The edit-discounts screen 2102 allows the user to enter a fare range as a low price and a high price, a discount (as a percent or dollar amount). The discounts are applied on a per-matrix basis. In other words, the user selects a fare matrix from a list of fare matrices (on the view-matrices screen 1902) and then presses the edit discounts button on view-matrices screen 1902 to transition to the edit-discounts screen 2102 and specify the discounts for the selected fare matrix. The edit-discounts screen 2102 show a list of discounts, each entry in the list includes the following data:
• Low Price: specifies the low value of a published fare range to which a discount should be applied.
• High Price: specifies the high value of a published fare range to which a discount should be applied. • Discount: specifies the discount to be applied (either as a percentage or a dollar amount).
The set-matrix-details screen 2103 allows the user to specify various additional attributes for a fare matrix. To access the set-matrix-details screen 2103, the user selects a fare matrix from the list of fare matrices on the view- matrices screen 1902, and then presses the "matrix details" button on the view-matrices screen 1902 to transition to the set-matrix-details screen 2103. The fields of the set-matrix-details screen 2103 include: • Matrix Number: specifies the number of the matrix.
• Matrix Name: specifies the name of the matrix.
• Class of Service: specifies a single class of service that applies for this matrix.
• Required flight numbers: specifies a list of single flight numbers or flight number "wild card" ranges for required flights for a fare. • Prohibited Flight Numbers: specifies a list of single flight numbers or flight number "wild card" ranges for flights which cannot be used for a fare.
• Required Routing: specifies one or more "wild card" routing strings indicating a required itinerary routing for a fare. • Prohibited Routing: specifies one or more "wild card" routing strings indicating prohibited itinerary routing for a fare.
• Minimum Stay: specifies a number of days, a single day name, or a single day name followed by the word "NIGHT" (e.g., "Saturday NIGHT")

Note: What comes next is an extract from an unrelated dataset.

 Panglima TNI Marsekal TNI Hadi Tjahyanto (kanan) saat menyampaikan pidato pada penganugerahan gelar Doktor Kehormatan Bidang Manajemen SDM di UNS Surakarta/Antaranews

• Maximum Stay: specifies a number of days or a specific date. Returning to Figure 19, the insert-contract screen 1907 is used to load a contract into memory from the local contract database. The data fields of the insert-contract screen 1907 include a travel company name, a contract name, and a description. The user presses an "insert" button to erase the current contract and load a new contract (including zones, seasons, and matrices) into memory from the local database. The insert-zone screen 1908 is used to load zone data from the local database. The data fields of the insert-zone screen 1908 include:
• TSP Company: specifies a name of the travel company that owns the contract containing the desired zone to be loaded.

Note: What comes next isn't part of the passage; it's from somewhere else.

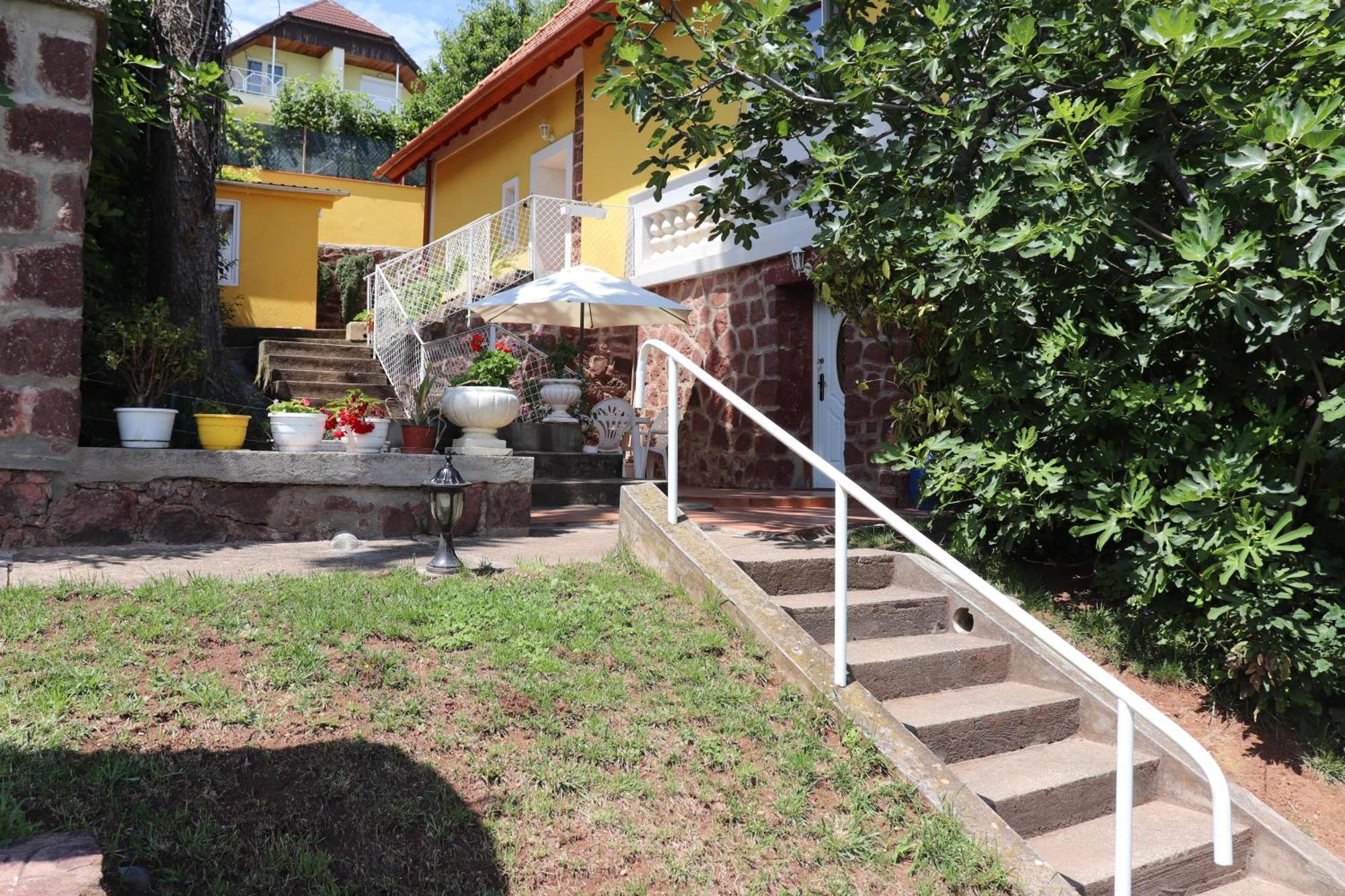Gyoengyoem Apartman Balatonalmádi Esterno foto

• Contract Name: specifies the name (of ID) of the contract containing the desired zone to load.
• Zone Name: specifies the zone name key identifying the zone within the specified contract. • Description: specifies a text description of the contract.

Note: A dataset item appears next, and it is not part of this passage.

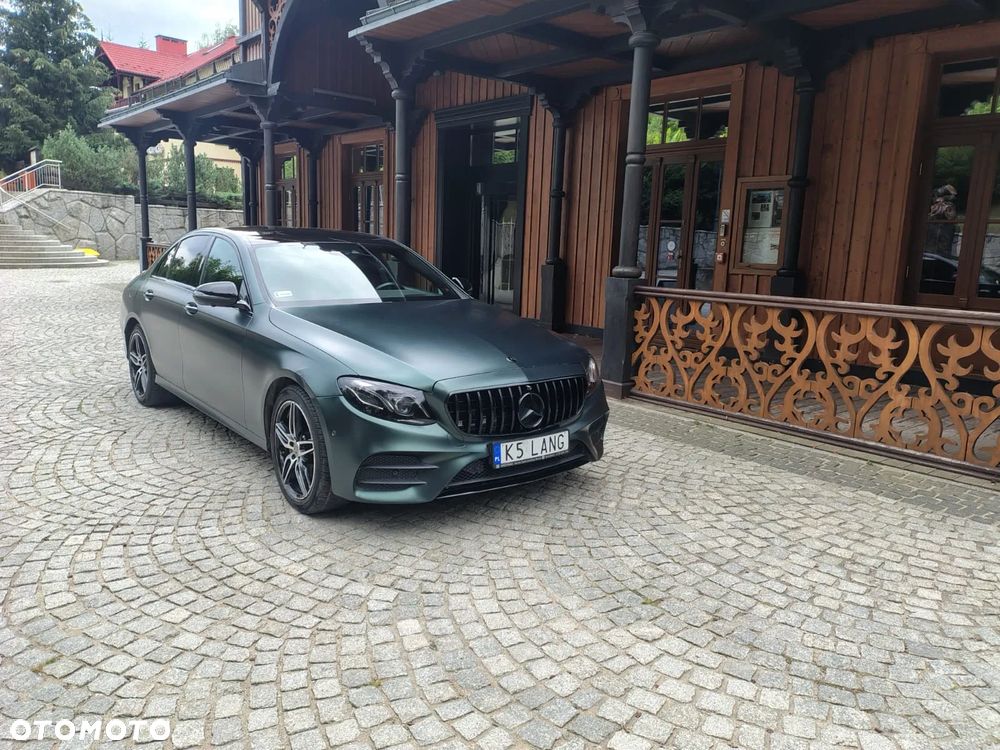 Mercedes-Benz Klasa E 220 d 4-Matic 9G-TRONIC - 2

The user enters the company name, contract name, and zone name, and then presses an insert button to load the specified zone from the local database.
The insert-season screen 1909 is used to load a season into memory from the local contract database. The data fields of the insert-season screen 1909 include: • TSP Company: a name identifying the travel company owning the contract containing the desired season.
• Contract Name: a contract name key identifying the contract that contains the desired season.
• Season Name: specifies the name of the season to load.
The user enters the company name, contract name, and matrix name, and then presses an insert button to load the specified fare matrix from the local database.
The insert-matrix screen 1910 is used to load a matrix into memory from the local contract database. The data fields of the insert-matrix screen 1910 include:
• TSP Company: a name identifying the travel company owning the contract containing the desired fare matrix. • Contract Name: a contract name key identifying the contract that contains the desired matrix.
• Season Name: specifies the name of the matrix to load.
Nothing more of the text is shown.